> **AIM OF THE TASK**: Everything in the listing should be set down exactly, apart from the pictures.

------------------------------------

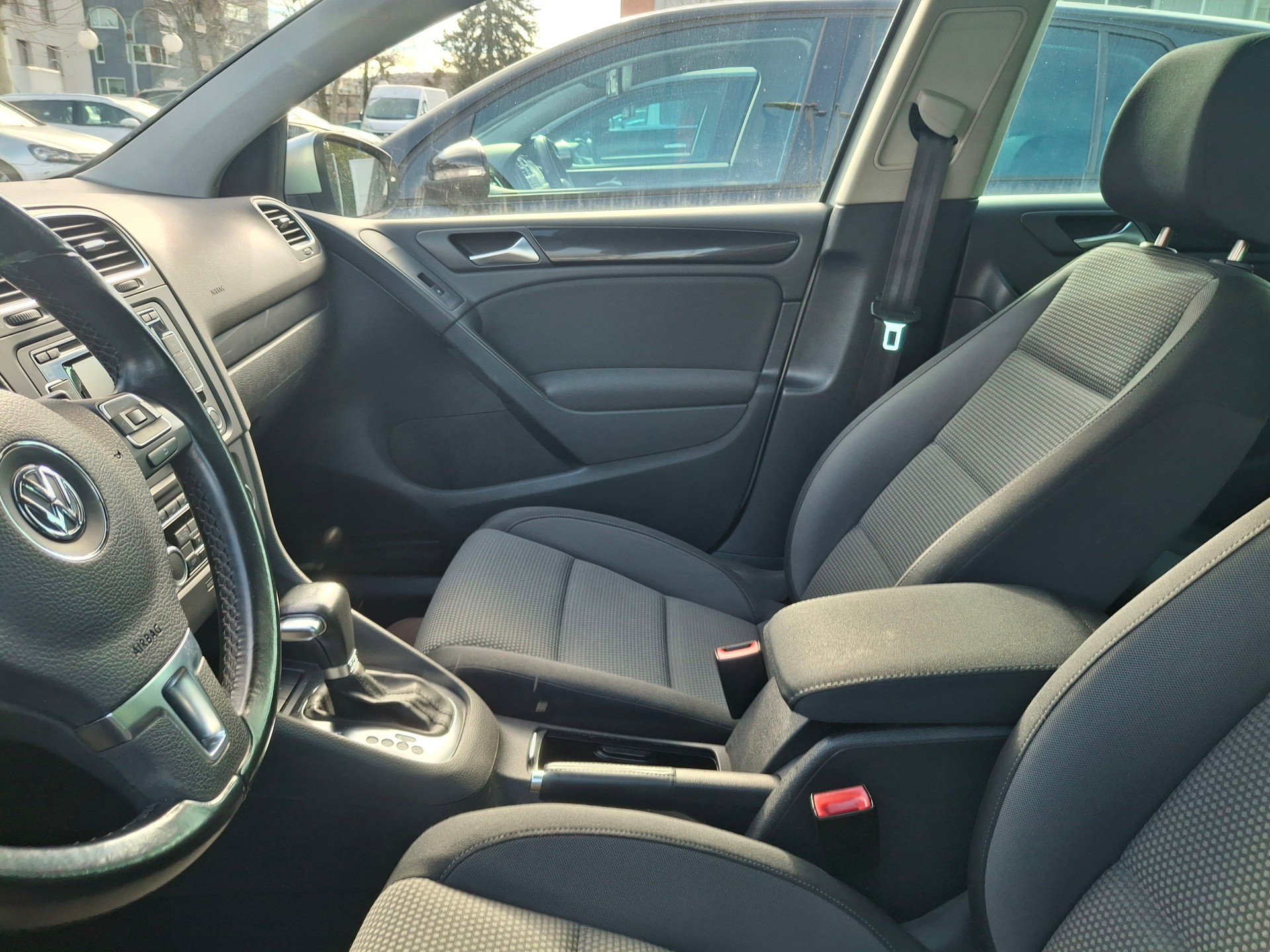 VW Golf 1.4 TSI Comfortline DSG-image-11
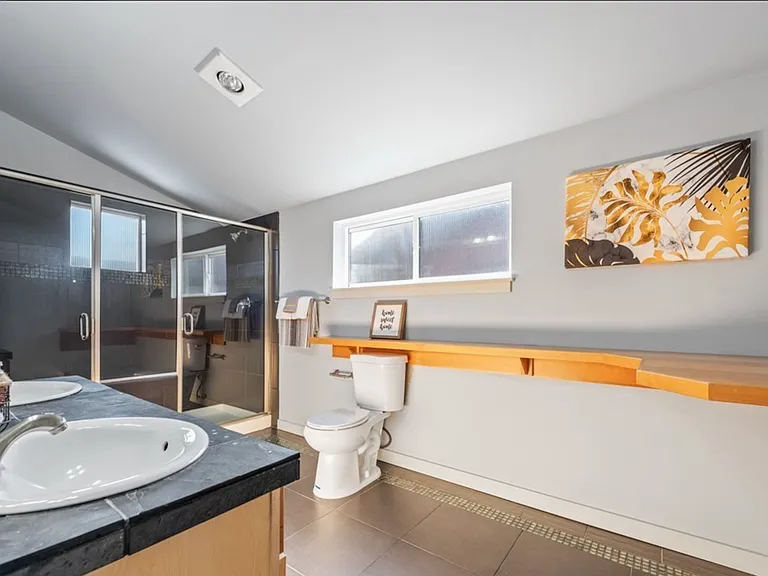 3611 Interlake Ave N #A — Photo 8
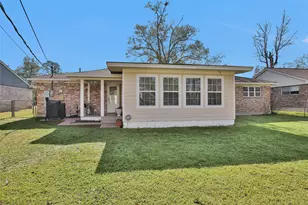 227 Crest Hill Dr, Conroe, TX 77301 - Photo 26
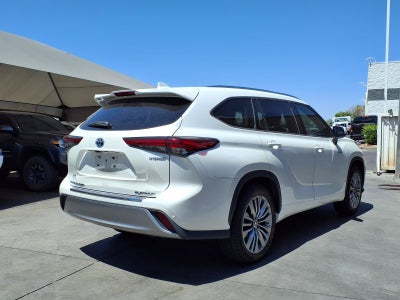2021 Toyota Highlander Hybrid Platinum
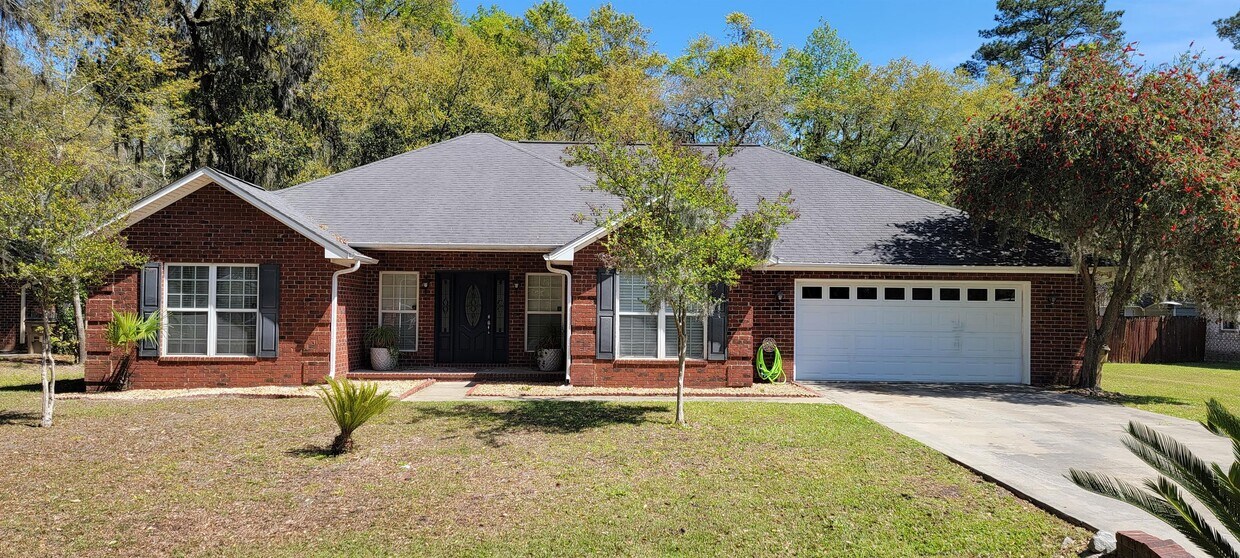 34 Colonial Dr, Midway, GA 31320 House Rental in Midway, GA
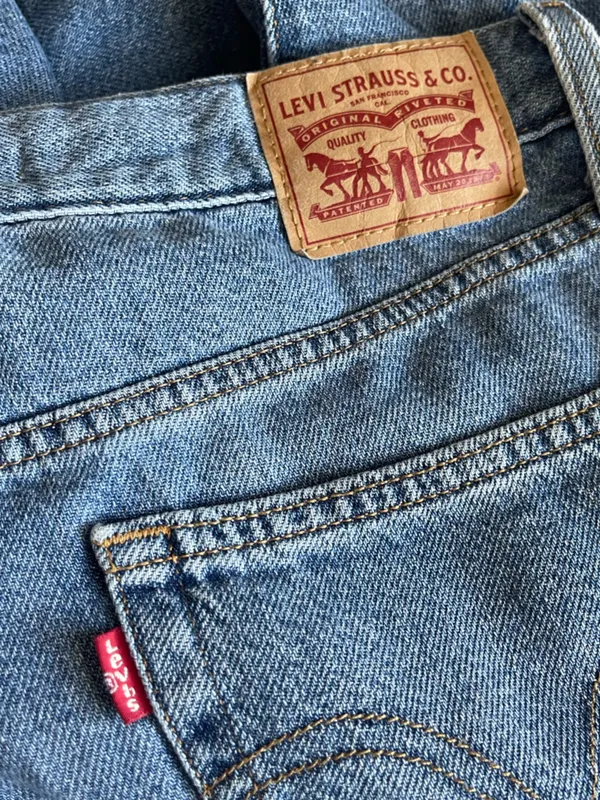 Levi’s High Waisted Mom Jeans Size 30 - Image 6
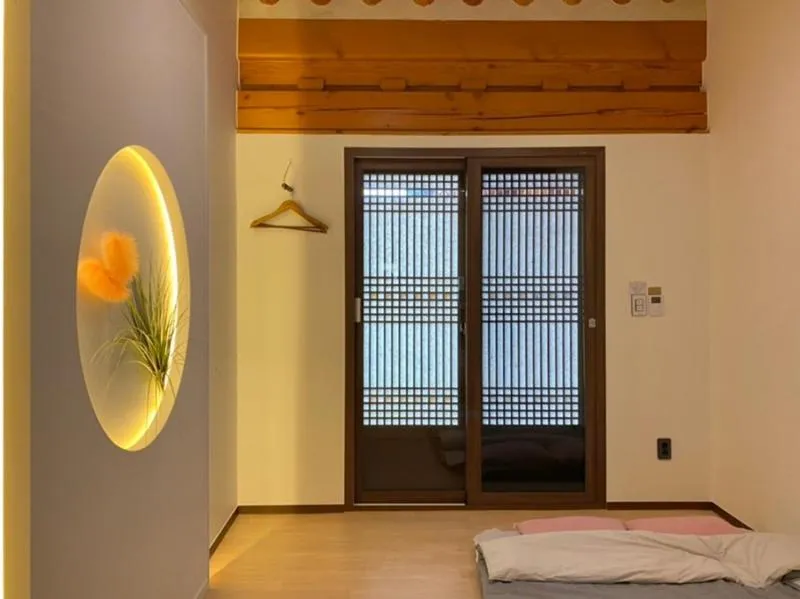 Bedroom, Bed in Gyeongju Hwarangroo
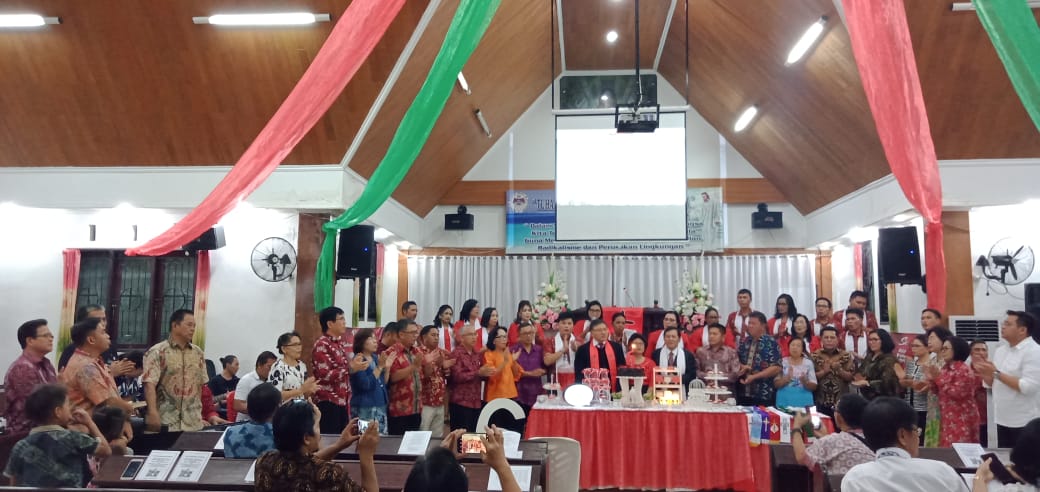 Di Syukur HUT GMIM Bukit Moria, Dondokambey Dampingi Suami Dalam Peneguhan Pelsus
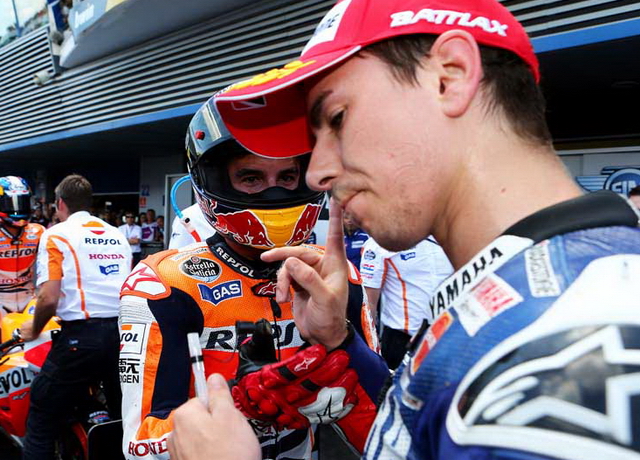 MotoGP: Лоренцо заявил об отсутствии сговора с Маркесом title=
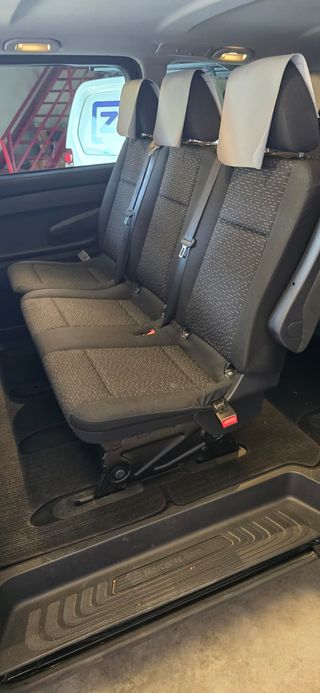 Mercedes-Benz Vito  Tourer Negro 8 plazas año 2022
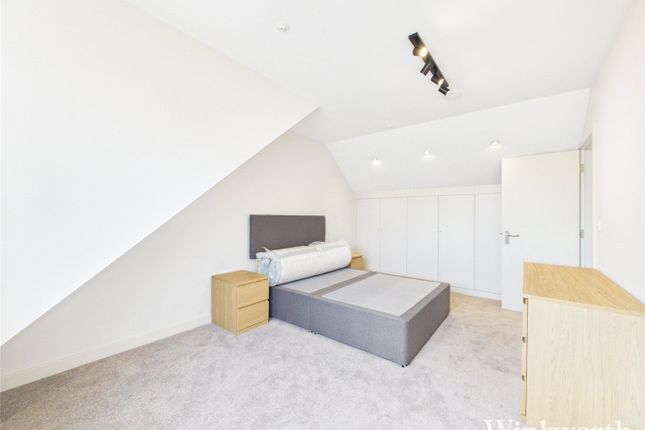 60C,, Lowfield Road, London photo 3
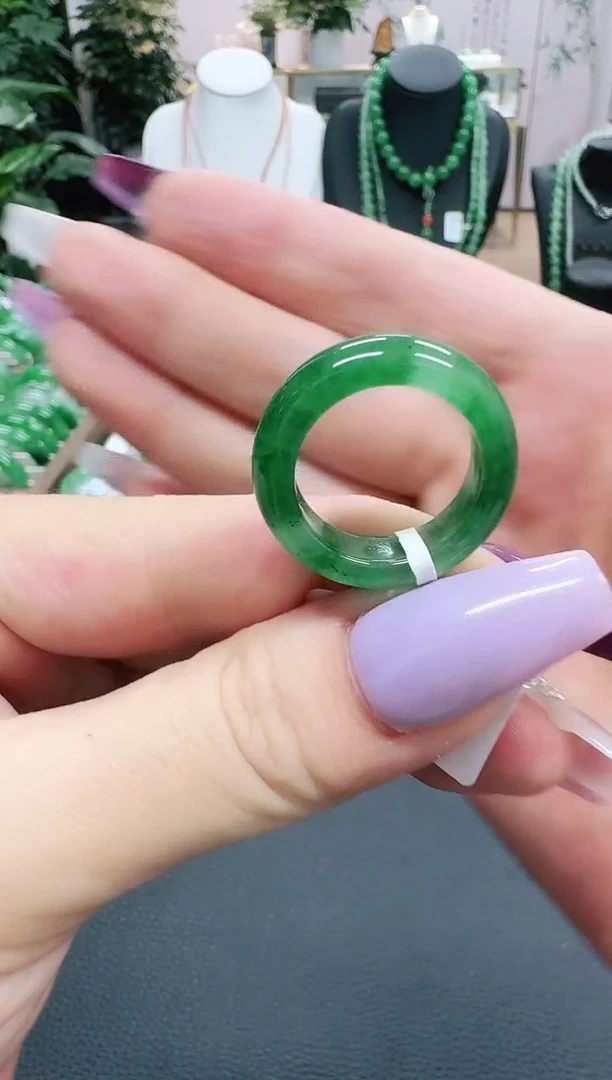 未镶嵌1石英质玉（非洲翠）/0112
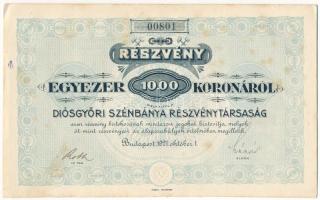 1922. Budapest "Diósgyőri Szénbánya Részvénytársaság" részvénye 1000K-ról, bélyegzéssel, szárazpecséttel és szelvényekkel T:AU,XF folt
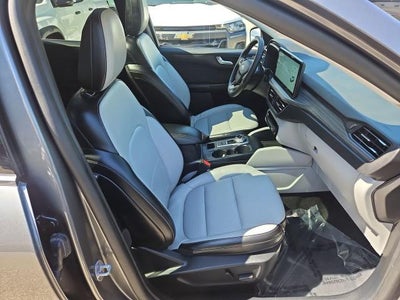 2025 Ford Escape Platinum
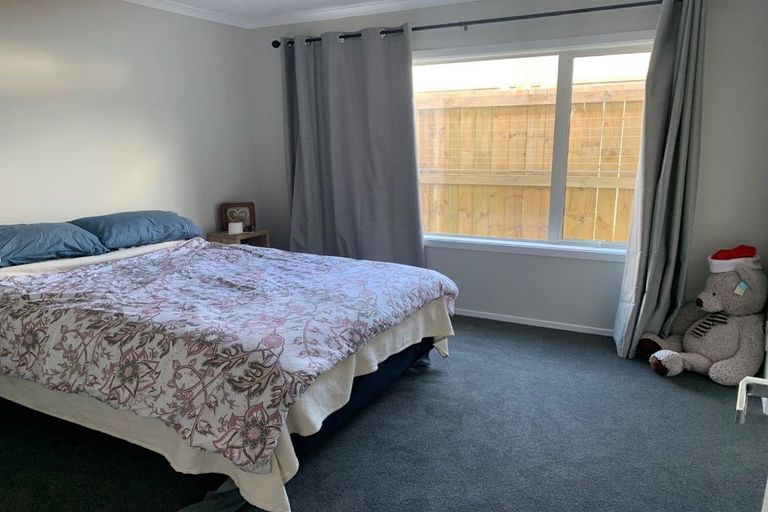 Photo of property in 32 Grovedale Square, Wainuiomata, Lower Hutt, 5014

------------------------------------

> **SOLUTION**:
 VW Golf 1.4 TSI Comfortline DSG-image-11
 3611 Interlake Ave N #A — Photo 8
 227 Crest Hill Dr, Conroe, TX 77301 - Photo 26
2021 Toyota Highlander Hybrid Platinum
 34 Colonial Dr, Midway, GA 31320 House Rental in Midway, GA
 Levi’s High Waisted Mom Jeans Size 30 - Image 6
 Bedroom, Bed in Gyeongju Hwarangroo
 Di Syukur HUT GMIM Bukit Moria, Dondokambey Dampingi Suami Dalam Peneguhan Pelsus
 MotoGP: Лоренцо заявил об отсутствии сговора с Маркесом title=
 Mercedes-Benz Vito  Tourer Negro 8 plazas año 2022
 60C,, Lowfield Road, London photo 3
 未镶嵌1石英质玉（非洲翠）/0112
 1922. Budapest "Diósgyőri Szénbánya Részvénytársaság" részvénye 1000K-ról, bélyegzéssel, szárazpecséttel és szelvényekkel T:AU,XF folt
 2025 Ford Escape Platinum
 Photo of property in 32 Grovedale Square, Wainuiomata, Lower Hutt, 5014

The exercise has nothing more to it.